With respect to appointment of lead counsel, the Ninth Circuit has held that a court has the inherent power to consolidate actions and appoint lead counsel to supervise and coordinate prosecution of a case. See Vincent v. Hughes Air West, Inc., 557 F.2d 759, 774 (9th Cir. 1977) (agreeing with the Second Circuit that "'[t]he benefits achieved by consolidation and the appointment of general counsel, i.e. elimination of duplication and repetition and in effect the creation of a coordinator of diffuse plaintiffs through whom motions and discovery proceedings will be channeled, will most certainly redound to the benefit of all parties to the litigation"). In this case, as indicated in the hearing herein, the Court is concerned with the accrual of needless and excessive attorney fees in the derivative actions which are likely to follow the class action securities suit. Factors that courts typically consider in lead counsel determinations include: (1) the quality of the pleadings, (2) the vigorousness of the prosecution of the lawsuits, (3) the capabilities of counsel, including their experience and prior success record, and whether counsel's charges are reasonable, and (4) whether one complaint is simply a "copycat action" of another. See Pirelli Armstrong Tire Corp. Retiree Med. Benefits Trust, No. C 11-2369 SI, 2011 U.S. Dist. LEXIS 86421, at *9-10 (N.D. Cal. Aug. 3, 2011); Resnik v. Woertz, Nos. 10-527-GMS, 10-603-GMS, 2011 U.S. Dist. LEXIS 31868, at *15 (D. Del. Mar. 28, 2011); Sexton ex rel. Jones Soda Co. v. Van Stolk, Nos. C07-1782RSL, C08-0018RSL, 2008 WL 1733242, at *1 (W.D. Wash. Apr. 10, 2008).

Most of these factors are neutral. For example, the quality of J&W's complaint and L&K's complaint are roughly on par with one another. The Court finds that J&W's complaint is a bit more detailed, but is not markedly superior. For example, J&W has not pointed to any authority establishing that a failure to make a jury request in compliance with Civil Local Rules results in a waiver, particularly when the party includes a demand for a jury on the caption page. J&W points out that its complaint has additional allegations about demand futility that L&K's complaint does not. While this is true, L&K's complaint contains more than sufficient allegations regarding demand futility - indeed, contains the critical allegations regarding demand futility (i.e., the individual officers have no incentive to expose their own misconduct). Finally, although J&W's complaint has allegations about the individual officers' incentive compensation and L&K's complaint does not, it is not clear whether those allegations are material to the lawsuit, at least as pled. For example, J&W does not allege that Oclaro's officers made misleading statements in order to bolster Oclaro's stocks or profits which would affect their incentive compensation.

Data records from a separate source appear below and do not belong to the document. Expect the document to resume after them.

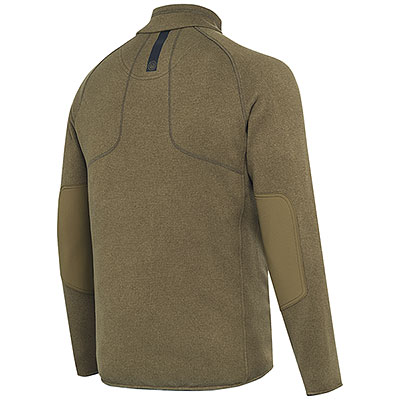 Pile Termico Beretta Abisko Full Zip Otter
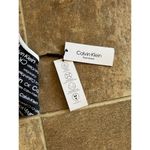 Calvin Klein  Logo Bikini Swim Top Size Small Photo 7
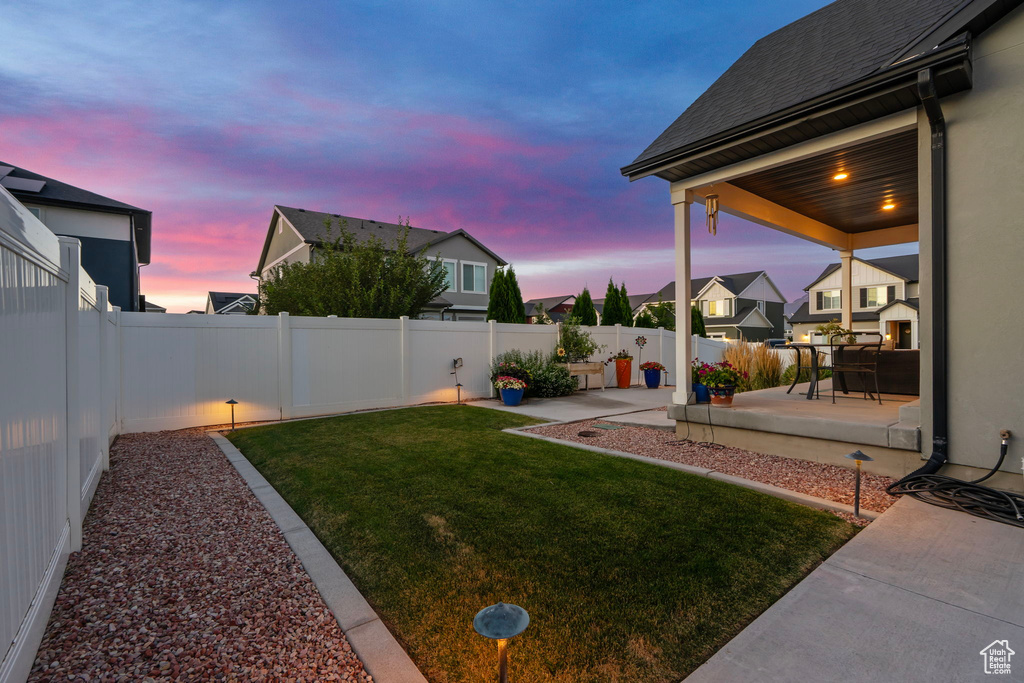 188 E INLET SPRINGS DR Saratoga Springs, UT 84045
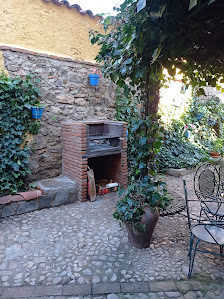 Casa Rural El Portalón C. Martín de Logrosán, 0, 10120 Logrosán, Cáceres, España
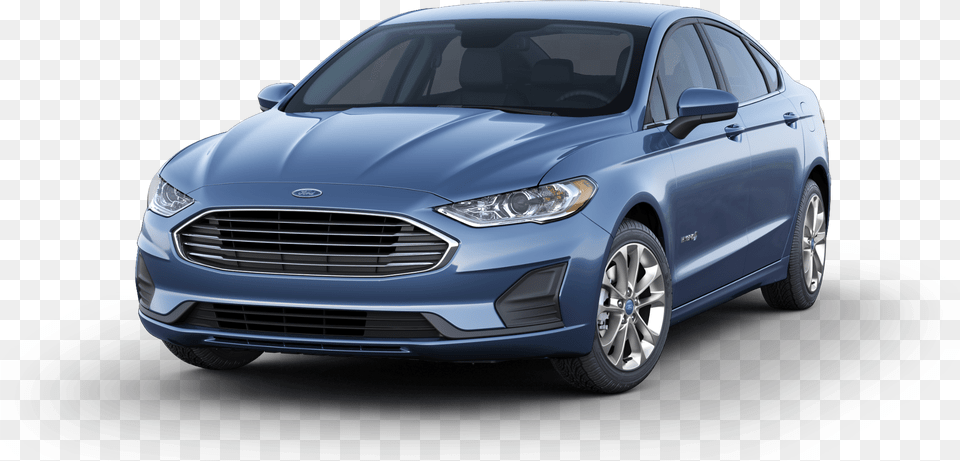 Ford Fusion, Car, Vehicle, Sedan, Transportation Free Png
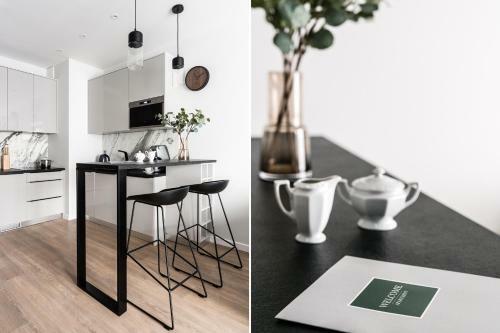 Old Town - River Point By Welcome Apartment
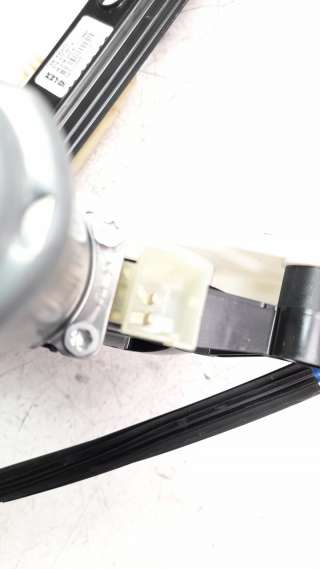 Recambio de elevalunas delantero izquierdo para volkswagen touran (5t1) 2015- 2.0 tdi referencia OEM IAM 5TA837461A  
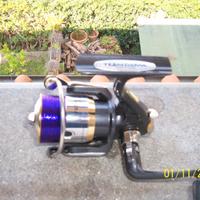 team daiwa 2004c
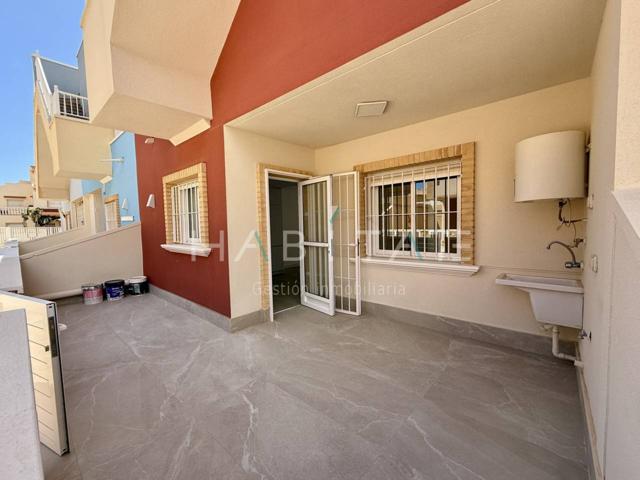 Bungalow en venta en El Mojón-Las Salinas photo 0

As for the capabilities of counsel, this factor is a close call. Both J&W and L&K have demonstrated that they are qualified and experienced and are capable of acting as lead counsel. Contrary to what J&W asserts, there is evidence indicating that L&K have sufficient experience as lead or co-lead counsel in shareholder derivative actions. Furthermore, L&K's experience in securities actions generally translates sufficiently into a shareholder derivative case such as this where fraud is involved. However, the Court is favorably impressed by J&W's presentation and knowledge.

As for the assertion that L&K's complaint is merely a "copycat," it too is effectively neutral; it appears that both J&W and L&K tracked the complaint filed in the Oclaro securities class action.

To the extent L&K argues that firm resources is another factor that should be taken into account, again, the Court finds this factor largely neutral. While L&K may be a bigger law firm, the Court does not expect that all of the firm's lawyers would be working on this litigation. L&K admitted as much at the hearing. Moreover, having many lawyers working on the matter would run counter to the Court's directive to the plaintiff's attorneys in the shareholder derivative actions that it does not want fees and costs to be run up in the actions (i.e., no fee churning) because the cases are essentially "piggyback" actions to the Oclaro securities class action as noted above. L&K points out that it can help reduce costs because it has access to an in-house expert. While L&K's having such access would potentially be useful, that fact ultimately does not weigh much in the calculus given that (1) the shareholder derivative actions will largely be riding on the coattails of the Oclaro securities class action and (2) J&W's experience litigating shareholder derivative actions gives it a certain amount of pre-existing expertise.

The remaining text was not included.